C’est lui qui enseignera les bases de cette magie à Richard, ainsi que les leçons des Sorciers (1 par tome) dont la première est : « Les gens ont tendance à tenir pour vrai ce qu'ils souhaitent être la vérité ou ce qu'ils redoutent être la vérité ».

 

Zedd.jpg

 

Car Richard n’est pas le simple garçon qu’il croit être. Zedd fera de lui le Sourcier de Vérité lui remettant une puissante épée magique : l’Epée de vérité. Mais Richard est aussi le descendant de la famille Rahl ; son père dominant une grande partie du monde d’une main cruelle. Richard devra s’opposer à lui. Puis devenu Empereur à son tour, c’est l’Ordre Impérial qui menacera l’ensemble des royaumes, Richard et ses proches.

Parmi ceux-ci, Kahlan Amnell, Mère Inquisitrice capable de dominer l’esprit des hommes (tout en les détruisant) ce qui lui interdit un amour sincère jusqu’à Richard, bien sûr. Leur amour sera pavé d’obstacles.

 

Richard-et-Kahlan.jpg

 

Pourquoi ma dualité sur cette œuvre ?

 

L’écriture de Goodkind est très détaillée sur le quotidien de ces civilisations et sur de nombreux actes des personnages (il n’allume pas un feu : il prend une brindille qu’il allume avant d’allumer le feu etc….) sans pour autant être du Balzac ou du Zola. Il va revenir souvent (trop ?) sur des éléments qui auront un intérêt (pas toujours capitales) à un moment futur du récit et ce, quitte à rabâcher et à nous pilonner l’information pour que nous ne l’oublions pas (la chèvre dans le tome 7 par exemple). De même, il va expliciter, voire décortiquer les motivations et réflexions des personnages, surexpliquant en détail (et souvent plus d’une fois) certaines informations « techniques » ou « politiques » ou « stratégiques ».

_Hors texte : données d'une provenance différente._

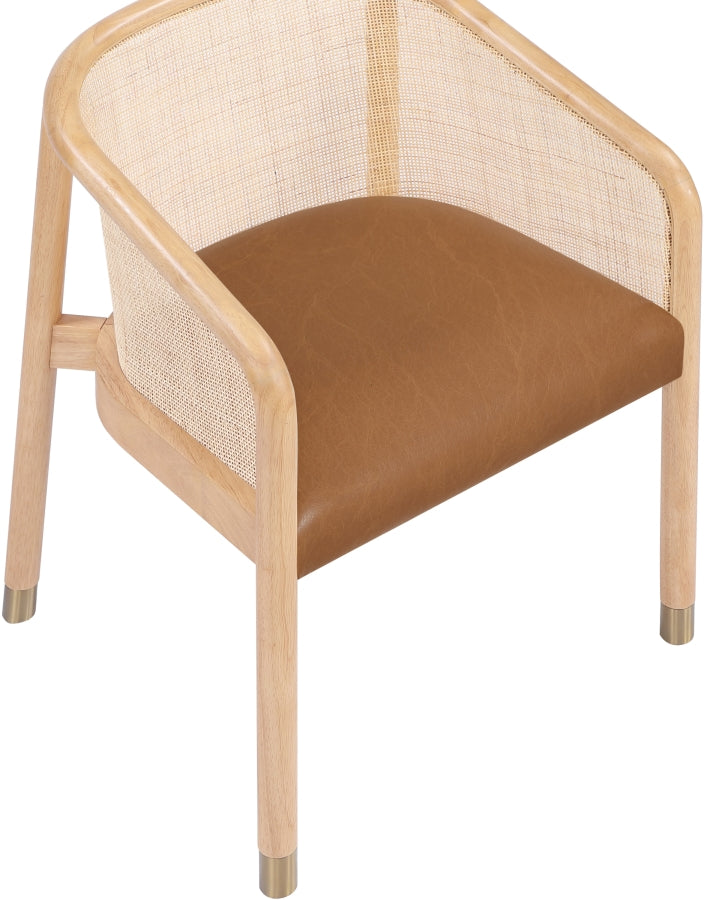 Sylvan Vegan Leather Upholstered Dining Chair in Cognac, Set of 2 - 77088Cognac-C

Tout cela peut apporter des passages que je ressens parfois comme des longueurs inutiles que je sauterais bien.

Et pourtant c’est ce style qui à postériori, lorsque l’on arrive sur les 100 dernières pages qui font du récit ce qu’il est et le rende différent et intéressant.

 

L’autre point qui peut me poser problème est la surpuissance de Richard. Guilde forestier perspicace et raisonné (sa plus grande qualité), combattant émérite renforcé par l’Epée de Vérité, Sourcier de Vérité, Mage additif puis aussi soustractif (Sorcier de Guerre) devenant de plus en plus puissant, il est alors difficile de lui opposer des adversaires de niveau sans user d’armées ou d’êtres encore plus puissants frôlant le divin (tel le Gardien).

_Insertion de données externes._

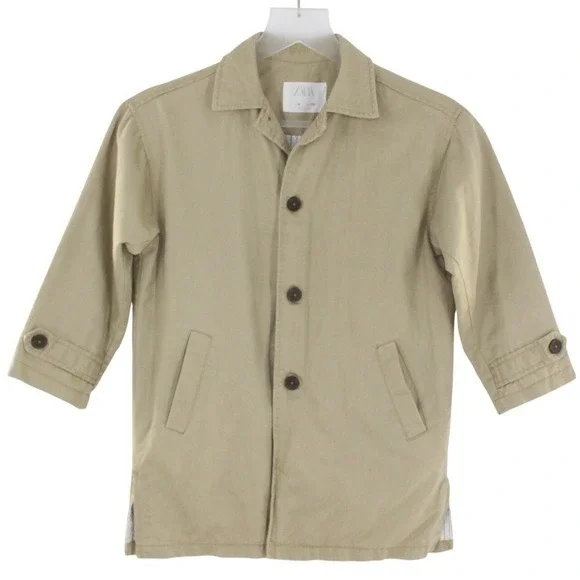 Zara Kids Cotton Button Front Lightweight Jacket Size 6 Tan Khaki‎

Et pourtant Goodkind réussit l’exploit de la faire et qui plus est de laisser Richard humain avec des faiblesses : la protection de ses amis avant tout (dont Kahlan et la parole donnée.

D’où, là encore, mon sentiment « entre-deux ».

 

La balance penchant plutôt de l’intérêt et du plaisir, je continue donc la saga.

 

Epee-de-Verite-7-001.jpg

 

Et ce tome 7 : Les Piliers de la Création ?

 

Intéressant car il ne reprend pas le schéma presque habituel des autres tomes : Richard mis en difficultés, parcours insolubles, nouvelles capacités de Richard et idée pour s’en sortir comme si elle avait toujours été là, résolution rapide du problème (en une ou deux poignées de pages).

 

Non là Goodkind traite de la position d’un candide, en l’occurrence Jennsen, demi sœur de Richard, et « trou dans le monde ». Manipulée par les agents de l’Ordre Impérial, elle se croit chasser par Richard et décide de se venger de lui en le tuant.

Intéressant car c’est elle que l’on suit et son point de vue du « commun », simple quidam de l’Histoire de son monde avant de devoir essayer d’y jouer un rôle. Et d’autant plus intéressant que Richard et ses proches n’apparaissent que vers la cinq centième page du recueil sur 630. Personnellement j’ai trouvé cela très motivant

Les romans des « terres fracturées » sans être tout à fait sur le même concept s’en rapprocheront puisque les héros principaux passeront d’un livre à un autre où ils ne seront pas forcément le personnage central.

 

Terry-Goodkind.jpgEn conclusion :

Si vous ne redoutez pas les sagas à rallonge et quelques longueurs, ça vaut le coup de se lancer dans l’aventure.

Et pour souffler entre deux tomes : Le Cycle de l’Eveil, bien sûr !

 

Terry GoodKing

 

Les Photos sont issues de la série TV adapté du Roman (Je viens de découvrir son existence en tapant ses lignes)… pas convaincu par le physique de Richard et peur d'une série jeunes ados à la Xéna / Hercule qui réduirait l'intérêt des romans.